Ему, видимо, очень понравился придуманный им ответ на заданный мною вопрос. Мне же его ответ показался плоской шуткой.
– Голубые дракончики? Вы надо мной подсмеиваетесь? Зачем эту гадость запихнули в книгу?
– Ее не просто запихнули, а спрятали. Эта, как вы изволили сказать, гадость – а она и в самом деле гадость – стоит немалых денег. Курить ее, кстати, запрещено законом.
Я не смогла бы определить, появилось на моем лице выражение удивления в этот момент или еще раньше и уже просто не сходило с моего лица.
– Теперь понятно, что именно эту книжечку искал и тот, кто проник сюда, в ваш гостиничный номер, и тот, кто пытался вырвать у вас из рук сумочку.
– Боже мой!..
– Нам, пожалуй, следует вызвать полицию. Я пока оставлю это у себя, – сказал Виндфилд, закрывая книгу. Из нее выскользнул листочек бумаги, и я, наклонившись, подняла его. – Я отдам это полицейским, когда они придут. Если хотите, я мог бы сам им обо всем рассказать. Французская поли…
– Ради всего святого!!! Что ты натворила, Исабель?!
Услышав эти громогласно произнесенные от входной двери фразы, мы с Виндфилдом резко обернулись. Конечно же, это была твоя матушка: она зашла в номер и, едва не наступив на валявшуюся на полу картонку для шляпы, с трудом сумела удержать равновесие и не упасть.
– Но тетушка, как вы могли подумать, что я… – начала было оправдываться я, но твоя матушка меня тут же перебила:
– Ричард? Ричард Виндфилд? Ты-то, черт бы тебя побрал, что здесь делаешь? – воскликнула она.
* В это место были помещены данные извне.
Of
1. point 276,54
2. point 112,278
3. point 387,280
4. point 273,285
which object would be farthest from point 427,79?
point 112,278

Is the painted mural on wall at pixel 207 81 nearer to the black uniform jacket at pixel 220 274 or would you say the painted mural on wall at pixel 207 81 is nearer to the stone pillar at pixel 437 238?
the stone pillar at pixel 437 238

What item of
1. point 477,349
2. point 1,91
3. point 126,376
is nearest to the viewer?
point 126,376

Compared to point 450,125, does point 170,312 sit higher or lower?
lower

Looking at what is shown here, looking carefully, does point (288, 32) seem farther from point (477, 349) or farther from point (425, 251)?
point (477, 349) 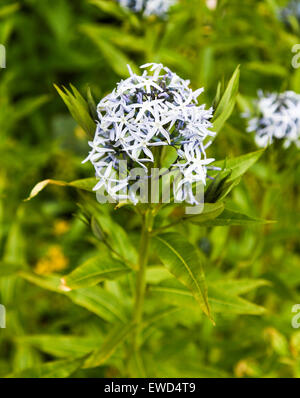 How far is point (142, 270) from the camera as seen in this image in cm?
148

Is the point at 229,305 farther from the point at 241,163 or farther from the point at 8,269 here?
the point at 8,269

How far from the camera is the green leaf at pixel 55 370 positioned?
1562 millimetres

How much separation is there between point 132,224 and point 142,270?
1.18m

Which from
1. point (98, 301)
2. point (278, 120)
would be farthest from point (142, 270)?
point (278, 120)

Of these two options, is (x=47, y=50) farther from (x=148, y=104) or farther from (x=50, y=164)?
(x=148, y=104)

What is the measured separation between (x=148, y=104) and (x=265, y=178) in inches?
41.4

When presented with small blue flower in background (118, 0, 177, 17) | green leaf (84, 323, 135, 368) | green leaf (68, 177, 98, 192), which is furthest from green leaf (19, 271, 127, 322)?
small blue flower in background (118, 0, 177, 17)

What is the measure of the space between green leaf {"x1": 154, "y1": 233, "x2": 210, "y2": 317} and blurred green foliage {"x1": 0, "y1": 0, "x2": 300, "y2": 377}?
0.17m

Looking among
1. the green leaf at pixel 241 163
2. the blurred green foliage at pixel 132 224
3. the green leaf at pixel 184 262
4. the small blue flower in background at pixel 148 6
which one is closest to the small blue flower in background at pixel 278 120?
the blurred green foliage at pixel 132 224

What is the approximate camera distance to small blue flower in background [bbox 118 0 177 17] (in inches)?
93.0

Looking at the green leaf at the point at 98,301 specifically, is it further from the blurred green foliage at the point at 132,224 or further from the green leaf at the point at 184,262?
the green leaf at the point at 184,262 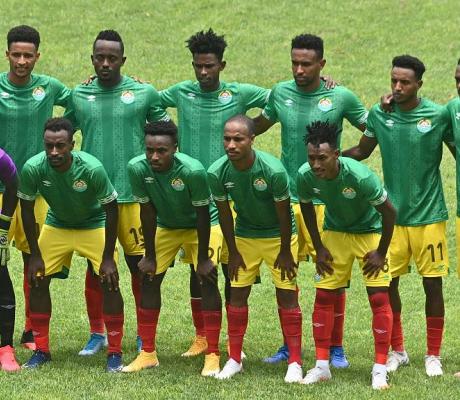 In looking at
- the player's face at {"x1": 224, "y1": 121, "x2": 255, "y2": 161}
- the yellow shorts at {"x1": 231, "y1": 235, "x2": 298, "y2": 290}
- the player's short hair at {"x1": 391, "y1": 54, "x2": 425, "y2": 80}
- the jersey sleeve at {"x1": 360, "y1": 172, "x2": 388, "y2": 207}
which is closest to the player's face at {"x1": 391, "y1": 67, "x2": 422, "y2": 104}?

Меня – уже в который раз – позабавило то, что, когда твоя мать начинает сердиться, у нее соскакивают с языка не совсем уместные в приличном обществе фразы. Она, впрочем, говорила, что для ее возраста это вполне позволительно.
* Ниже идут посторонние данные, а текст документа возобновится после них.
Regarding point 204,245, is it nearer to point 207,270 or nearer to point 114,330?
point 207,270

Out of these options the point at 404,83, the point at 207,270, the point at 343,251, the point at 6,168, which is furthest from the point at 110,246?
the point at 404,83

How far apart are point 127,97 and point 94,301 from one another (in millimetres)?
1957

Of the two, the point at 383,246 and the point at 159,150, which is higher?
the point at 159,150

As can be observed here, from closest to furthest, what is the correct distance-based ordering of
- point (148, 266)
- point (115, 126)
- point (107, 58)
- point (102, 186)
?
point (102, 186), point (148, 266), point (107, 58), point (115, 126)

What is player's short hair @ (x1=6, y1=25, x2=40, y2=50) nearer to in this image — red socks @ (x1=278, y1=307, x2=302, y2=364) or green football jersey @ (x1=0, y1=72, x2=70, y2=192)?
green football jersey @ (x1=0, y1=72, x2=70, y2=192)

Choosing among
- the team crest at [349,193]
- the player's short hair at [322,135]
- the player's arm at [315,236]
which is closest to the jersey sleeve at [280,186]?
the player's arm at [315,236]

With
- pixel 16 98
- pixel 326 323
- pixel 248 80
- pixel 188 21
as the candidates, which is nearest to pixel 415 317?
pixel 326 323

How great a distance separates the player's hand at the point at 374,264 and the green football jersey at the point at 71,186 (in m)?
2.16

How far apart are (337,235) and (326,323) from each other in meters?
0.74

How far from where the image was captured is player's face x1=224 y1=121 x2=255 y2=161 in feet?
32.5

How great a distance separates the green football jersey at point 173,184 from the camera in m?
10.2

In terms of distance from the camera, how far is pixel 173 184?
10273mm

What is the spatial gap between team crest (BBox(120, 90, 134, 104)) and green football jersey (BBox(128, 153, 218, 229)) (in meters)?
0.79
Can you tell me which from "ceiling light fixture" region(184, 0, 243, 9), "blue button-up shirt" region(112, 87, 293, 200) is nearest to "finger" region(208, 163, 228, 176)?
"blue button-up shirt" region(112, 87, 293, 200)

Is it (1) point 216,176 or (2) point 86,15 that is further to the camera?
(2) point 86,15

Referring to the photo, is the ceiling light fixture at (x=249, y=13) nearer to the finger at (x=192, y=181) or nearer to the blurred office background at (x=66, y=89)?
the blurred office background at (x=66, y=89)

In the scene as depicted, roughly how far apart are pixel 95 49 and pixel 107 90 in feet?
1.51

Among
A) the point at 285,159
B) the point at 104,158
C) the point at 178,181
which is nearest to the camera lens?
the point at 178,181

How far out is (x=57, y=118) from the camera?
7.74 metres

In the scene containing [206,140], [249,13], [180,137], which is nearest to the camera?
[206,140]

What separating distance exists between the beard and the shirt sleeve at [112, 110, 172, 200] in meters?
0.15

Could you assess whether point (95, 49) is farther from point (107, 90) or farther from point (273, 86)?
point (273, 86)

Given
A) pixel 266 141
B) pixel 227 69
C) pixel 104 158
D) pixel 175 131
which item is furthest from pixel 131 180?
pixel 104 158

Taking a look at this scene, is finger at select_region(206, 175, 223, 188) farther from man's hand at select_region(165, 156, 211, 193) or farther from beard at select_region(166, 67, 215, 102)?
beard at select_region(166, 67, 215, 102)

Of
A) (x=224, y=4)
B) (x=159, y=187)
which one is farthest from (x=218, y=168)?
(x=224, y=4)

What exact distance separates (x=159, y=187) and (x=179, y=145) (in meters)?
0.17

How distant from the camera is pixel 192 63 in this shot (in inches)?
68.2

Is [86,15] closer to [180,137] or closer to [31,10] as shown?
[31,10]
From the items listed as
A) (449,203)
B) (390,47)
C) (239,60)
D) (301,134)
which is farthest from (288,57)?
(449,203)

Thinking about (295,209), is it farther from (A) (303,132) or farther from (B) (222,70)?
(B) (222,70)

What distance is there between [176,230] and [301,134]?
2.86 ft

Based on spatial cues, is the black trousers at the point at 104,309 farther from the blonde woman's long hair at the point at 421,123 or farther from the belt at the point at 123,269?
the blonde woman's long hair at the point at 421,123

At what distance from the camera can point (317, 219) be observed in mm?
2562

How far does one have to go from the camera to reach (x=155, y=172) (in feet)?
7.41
– Алехандра? – Ричард Виндфилд, судя по его напряженному лицу, пытался что-то понять. – Получается, что ты… она… эта сеньорита… твоя племянница? – Затем, повернувшись ко мне, он спросил: – Это и есть ваша тетя?
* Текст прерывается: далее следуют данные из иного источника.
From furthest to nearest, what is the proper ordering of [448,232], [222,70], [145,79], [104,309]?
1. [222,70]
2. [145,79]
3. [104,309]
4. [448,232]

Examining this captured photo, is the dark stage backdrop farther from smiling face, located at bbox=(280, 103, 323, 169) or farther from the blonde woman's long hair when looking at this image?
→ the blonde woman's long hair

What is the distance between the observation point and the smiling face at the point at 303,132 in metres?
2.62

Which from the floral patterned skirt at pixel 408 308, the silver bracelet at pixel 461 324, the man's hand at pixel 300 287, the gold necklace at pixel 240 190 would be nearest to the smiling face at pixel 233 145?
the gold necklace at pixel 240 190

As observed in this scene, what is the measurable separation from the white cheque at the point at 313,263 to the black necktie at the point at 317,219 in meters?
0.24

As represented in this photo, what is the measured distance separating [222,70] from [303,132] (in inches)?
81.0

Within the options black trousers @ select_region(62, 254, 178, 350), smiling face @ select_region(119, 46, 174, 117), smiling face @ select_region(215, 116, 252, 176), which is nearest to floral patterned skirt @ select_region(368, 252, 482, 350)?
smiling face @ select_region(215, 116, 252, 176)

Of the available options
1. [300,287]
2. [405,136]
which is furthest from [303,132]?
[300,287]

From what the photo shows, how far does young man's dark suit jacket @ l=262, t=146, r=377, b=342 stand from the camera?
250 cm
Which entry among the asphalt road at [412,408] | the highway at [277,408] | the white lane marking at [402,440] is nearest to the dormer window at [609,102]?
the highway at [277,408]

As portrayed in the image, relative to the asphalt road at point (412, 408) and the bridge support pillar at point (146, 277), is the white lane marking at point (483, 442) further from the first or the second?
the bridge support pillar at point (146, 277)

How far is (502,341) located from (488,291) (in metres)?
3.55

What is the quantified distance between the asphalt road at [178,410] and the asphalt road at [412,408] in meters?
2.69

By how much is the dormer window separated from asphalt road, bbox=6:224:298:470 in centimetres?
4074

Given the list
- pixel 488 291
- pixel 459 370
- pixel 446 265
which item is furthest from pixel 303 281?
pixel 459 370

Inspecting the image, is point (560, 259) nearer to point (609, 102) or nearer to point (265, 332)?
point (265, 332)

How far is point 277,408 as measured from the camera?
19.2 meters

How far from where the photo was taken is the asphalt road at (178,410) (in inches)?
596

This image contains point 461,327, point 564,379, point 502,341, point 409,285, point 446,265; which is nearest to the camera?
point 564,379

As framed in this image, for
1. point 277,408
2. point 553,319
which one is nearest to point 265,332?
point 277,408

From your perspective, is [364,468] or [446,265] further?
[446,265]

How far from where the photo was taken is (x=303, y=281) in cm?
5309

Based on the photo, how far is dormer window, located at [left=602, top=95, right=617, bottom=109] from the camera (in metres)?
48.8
Я в ответ кивнула. Лицо Ричарда Виндфилда – о котором никто не сказал бы, что оно красивое, но в котором чувствовалось что-то жутко привлекательное – вдруг расплылось в широкой улыбке, отчего шрам на его губе растянулся.
– Уж теперь-то вы не сможете отказаться от моего приглашения вместе со мною поужинать, – заявил он.
– Ну что, никто мне так и не объяснит, чтоже здесь произошло?! – громко воскликнула великая герцогиня.
Объяснять, в общем-то, пришлось многое. Однако мы вполне могли обо всем очень обстоятельно поговорить во время ужина, а потому мне пришлось согласиться отужинать с Ричардом Виндфилдом в ресторане на Эйфелевой башне.
– Ты должна принять его любезное приглашение, ни о чем не беспокоясь, дорогая. Ричард – все равно, что наш родственник. Я абсолютно уверена в том, что он будет вести себя по отношению к тебе, как заботливый брат, – сказала мне Алехандра.
У меня же, однако, не было полной уверенности в том, что Виндфилд и в самом деле собирался вести себя по отношению ко мне исключительно как брат.
Во время ужина я узнала, что Ричард Виндфилд – а точнее, лорд Ричард Виндфилд, пятый по счету граф Лайтмор – был близким другом твоего брата.
– Он и Карл, мой младший сын – ты с ним еще познакомишься – близкие друзья. Я бы сказала, даже очень близкие. Они учились вместе в Итонском колледже. Оба стали дипломатами… Я тебе уже говорила, что Карл – это мой младший сын? Да, мой младшенький, дипломат. Ричард – добрая душа! – для нас почти родной. Он для меня – как третий сын. Он подолгу бывал в Брунштрихе, и, я тебе скажу, ему больше нравится проводить свои отпуска у меня, нежели в доме своей матери в Девоншире. Это тебе не кажется трогательным, дорогая? – лопотала твоя матушка.
Кстати, этому лорду Виндфилду предстояло быть нашим спутником не только до Вены, но и до самого Брунштриха, где он – к радости твоей матушки – собирался провести свой очередной отпуск и отпраздновать Рождество.
– Говорят, что Ги де Мопассан ужинал здесь каждый вечер, – сказал лорд Виндфилд.
– Бог ты мой, какое постоянство! Как будто в Париже нет других ресторанов!..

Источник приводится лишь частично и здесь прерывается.